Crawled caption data
----

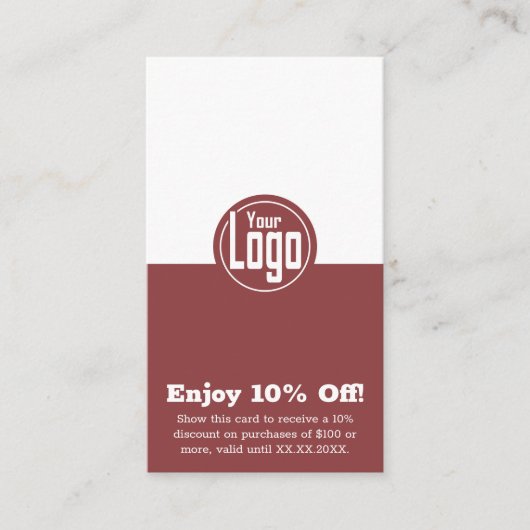 Smoky Topaz & White Hairサロン楽しむ10%オフ! 割引カード (正面)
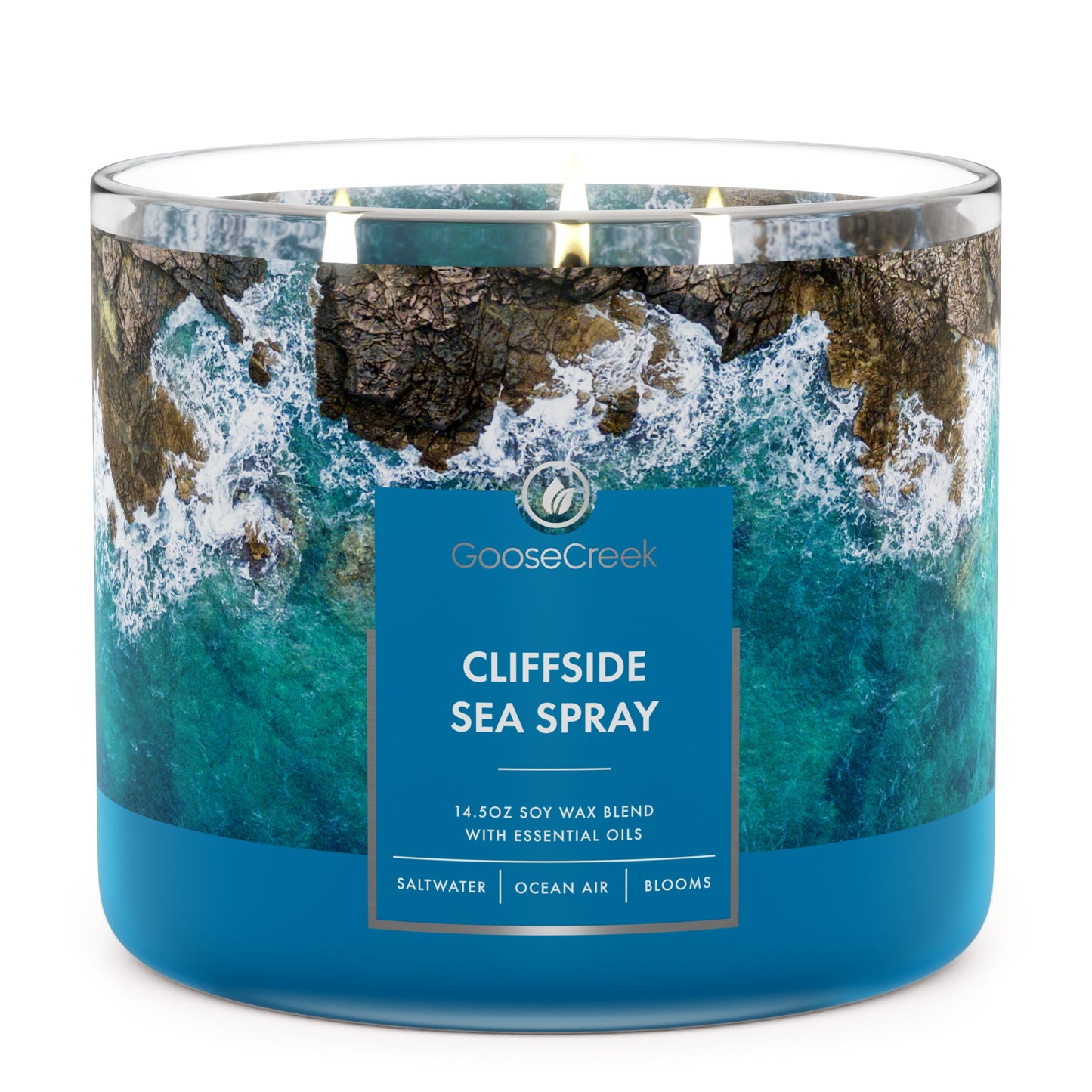Cliffside Sea Spray 3-Wick Large Soy Candle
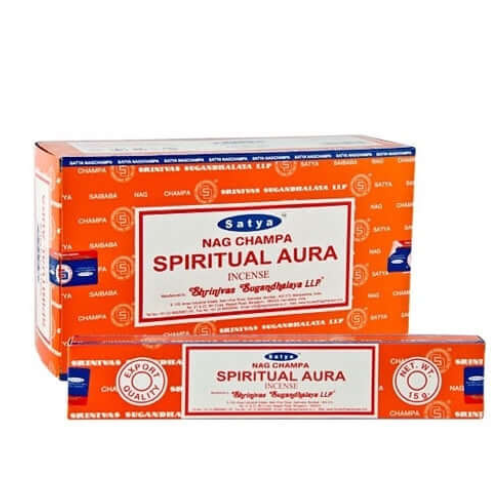 Satya Nag Champa Spiritual Aura Box ( Betisoare parfumate) 12X15 G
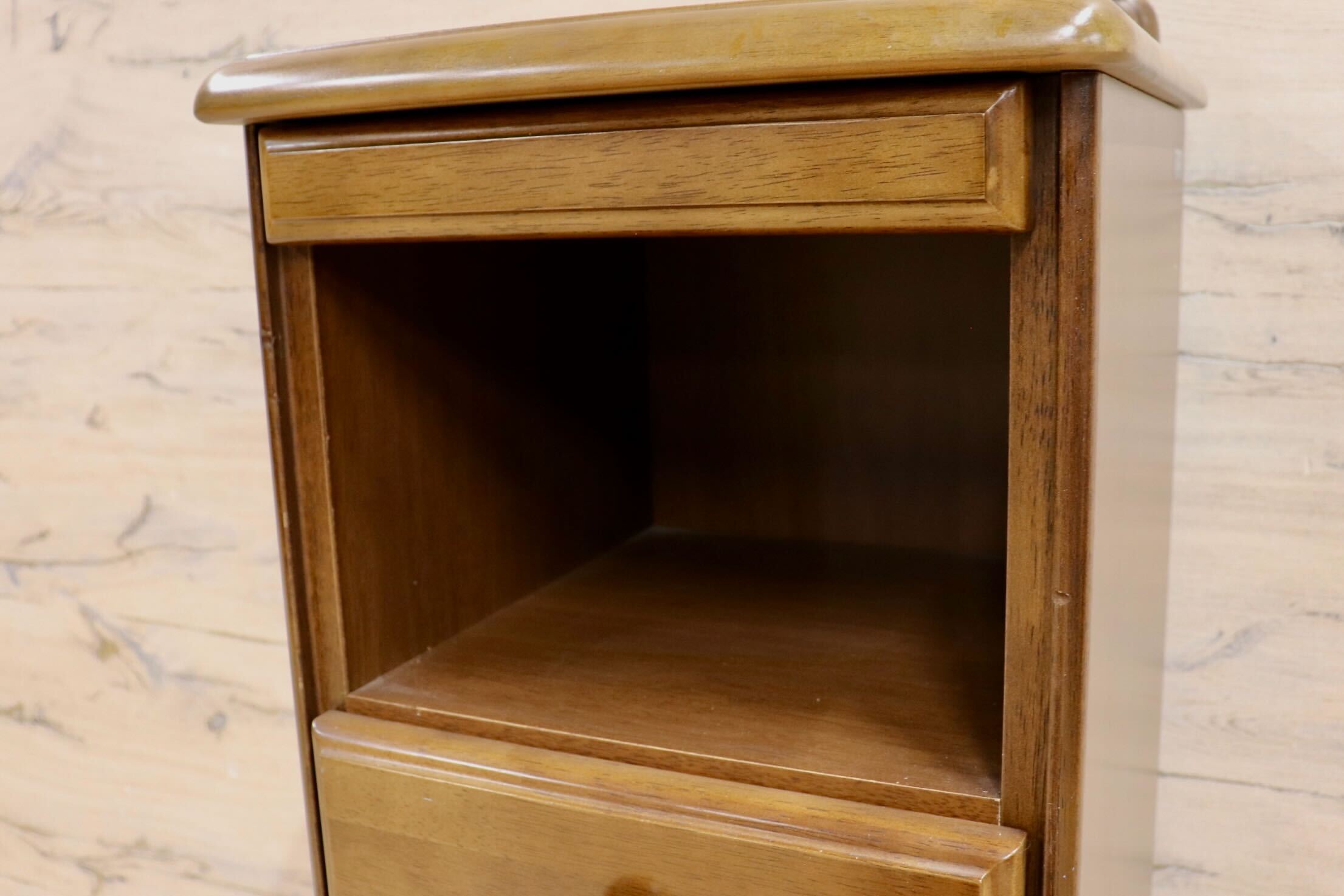 GMIK620A○maruni / マルニ 電話台 FAX台 飾り台 花台 小物収納 オーク材 シンプル モダン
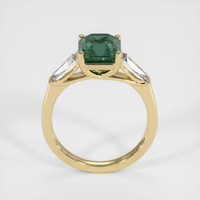 3.05 Ct. Bluish Green Sapphire Ring, 18K Yellow Gold 3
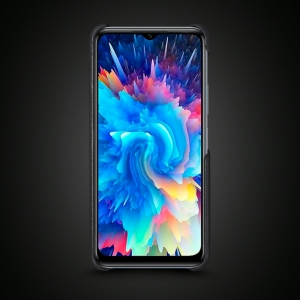 Шкіряна накладка Stenk WoodBacker для Infinix Hot 20 5G Чорна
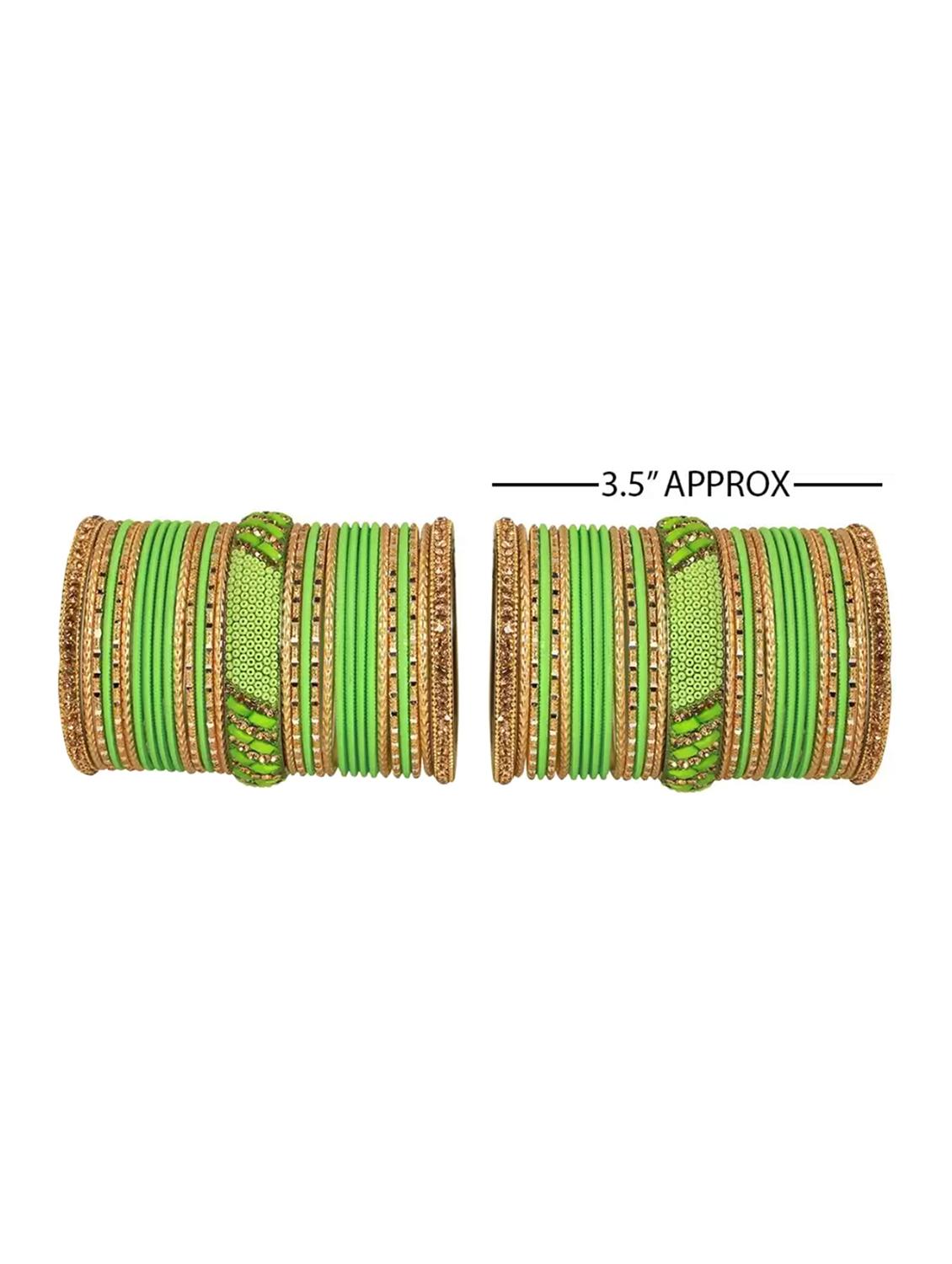 fullos beauty colorful lac matt metal bangles for women & girls - 20053826 - Standard Image - 1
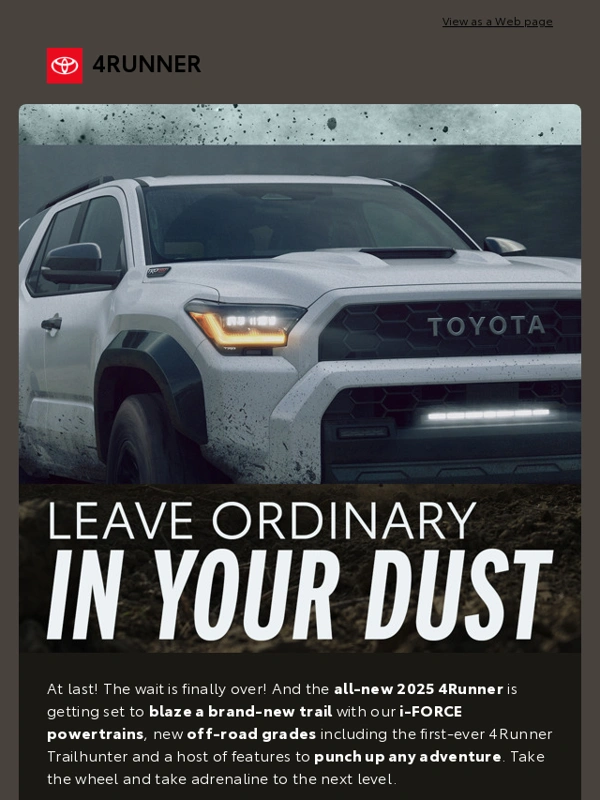 Toyota - The All-New 2025 4Runner Is Revealed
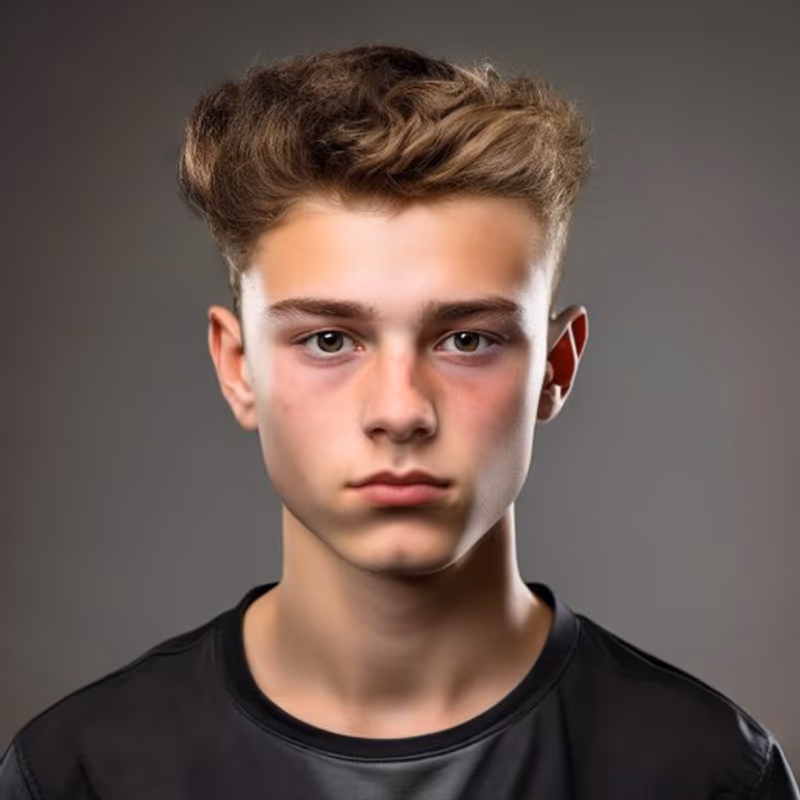 Quiff hairstyle for men 2026 — Teenage Guys Haircuts variation, best for Sharp, energetic, youthful, modern barbering by Master Stylist Jessica Hamilton
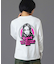 MESSAGE AND FACE CIRCLE LOGO L/S TEE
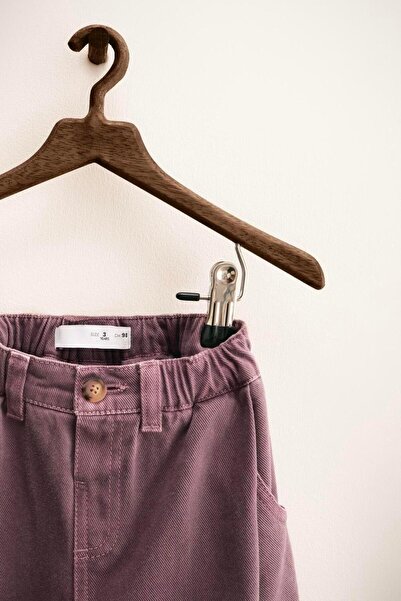 Magu Çocuk Pamuklu Oversize Pantolon – Rahat Kesim Lastikli Paça Tasarım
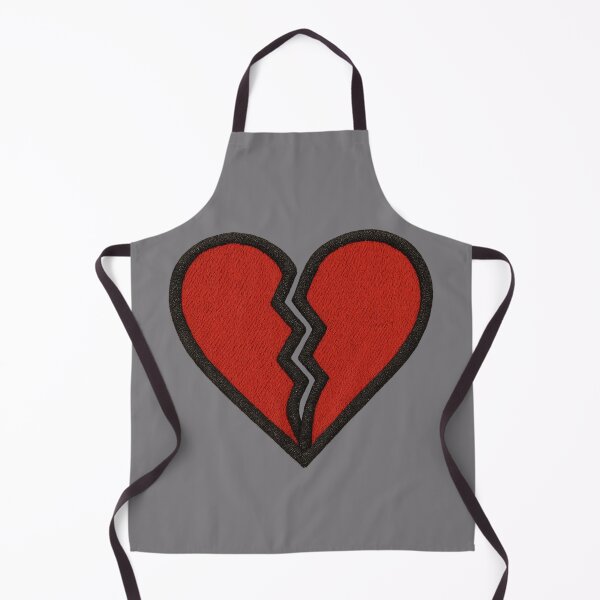 Item preview, Embroidered Broken Heart Design designed and sold by NoRestDesigns.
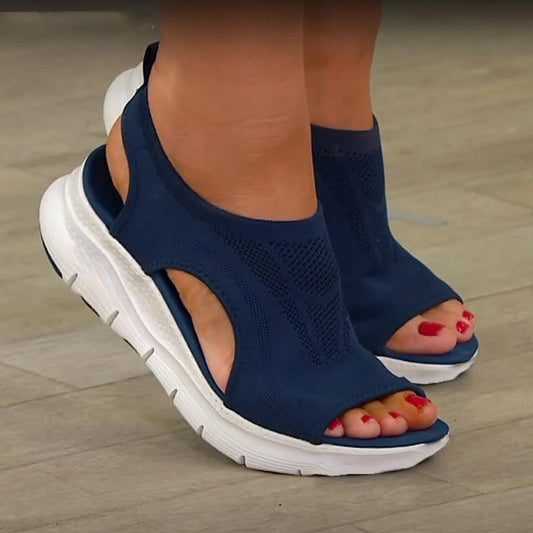 Mesh-Plateau-Sandalen für Damen – Nova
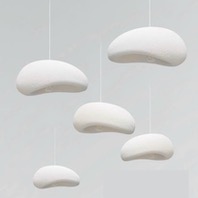 Đèn Thả decor nghệ thuật hình đám mây đường kính 60cm THD85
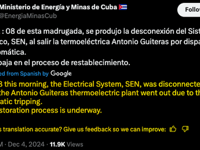 Total Grid Collapse Strikes Cuba (Again) 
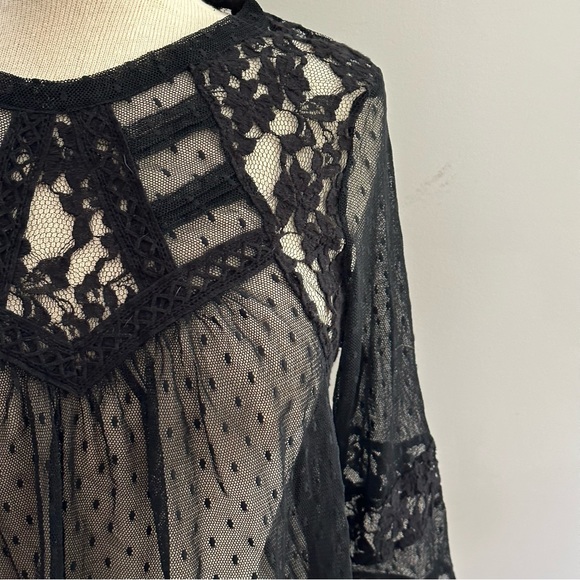 Free People Modern Romance lace crop top - Picture 4 of 12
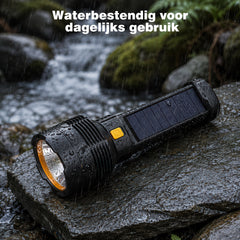 YONO Oplaadbare LED Zaklamp op Zonne-energie - USB-C - Werklamp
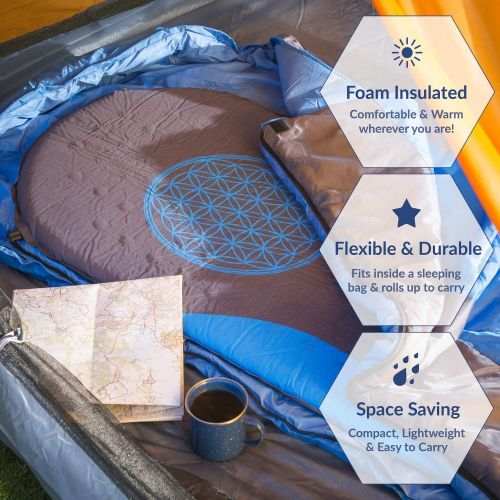  VENTURE 4TH Self Inflating Sleeping Pad - No Pump or Lung Power Required - Warm, Quiet and Supportive Mattress For a Comfortable Nights Sleep - Compact and Ultra Light Mat - Ideal For Backpack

----

#### [WHAT YOU ARE ASKED TO DO]
Without the pictures, restate all of the entries word for word.

#### [FINISHED EXERCISE]
 Smoky Topaz & White Hairサロン楽しむ10%オフ! 割引カード (正面)
Cliffside Sea Spray 3-Wick Large Soy Candle
 Satya Nag Champa Spiritual Aura Box ( Betisoare parfumate) 12X15 G
 GMIK620A○maruni / マルニ 電話台 FAX台 飾り台 花台 小物収納 オーク材 シンプル モダン
 3.05 Ct. Bluish Green Sapphire Ring, 18K Yellow Gold 3
 Шкіряна накладка Stenk WoodBacker для Infinix Hot 20 5G Чорна
 fullos beauty colorful lac matt metal bangles for women & girls - 20053826 - Standard Image - 1
 Toyota - The All-New 2025 4Runner Is Revealed
 Quiff hairstyle for men 2026 — Teenage Guys Haircuts variation, best for Sharp, energetic, youthful, modern barbering by Master Stylist Jessica Hamilton
 MESSAGE AND FACE CIRCLE LOGO L/S TEE
 Magu Çocuk Pamuklu Oversize Pantolon – Rahat Kesim Lastikli Paça Tasarım
 Item preview, Embroidered Broken Heart Design designed and sold by NoRestDesigns.
 Mesh-Plateau-Sandalen für Damen – Nova
 Đèn Thả decor nghệ thuật hình đám mây đường kính 60cm THD85
 Total Grid Collapse Strikes Cuba (Again) 
 Free People Modern Romance lace crop top - Picture 4 of 12
 YONO Oplaadbare LED Zaklamp op Zonne-energie - USB-C - Werklamp
  VENTURE 4TH Self Inflating Sleeping Pad - No Pump or Lung Power Required - Warm, Quiet and Supportive Mattress For a Comfortable Nights Sleep - Compact and Ultra Light Mat - Ideal For Backpack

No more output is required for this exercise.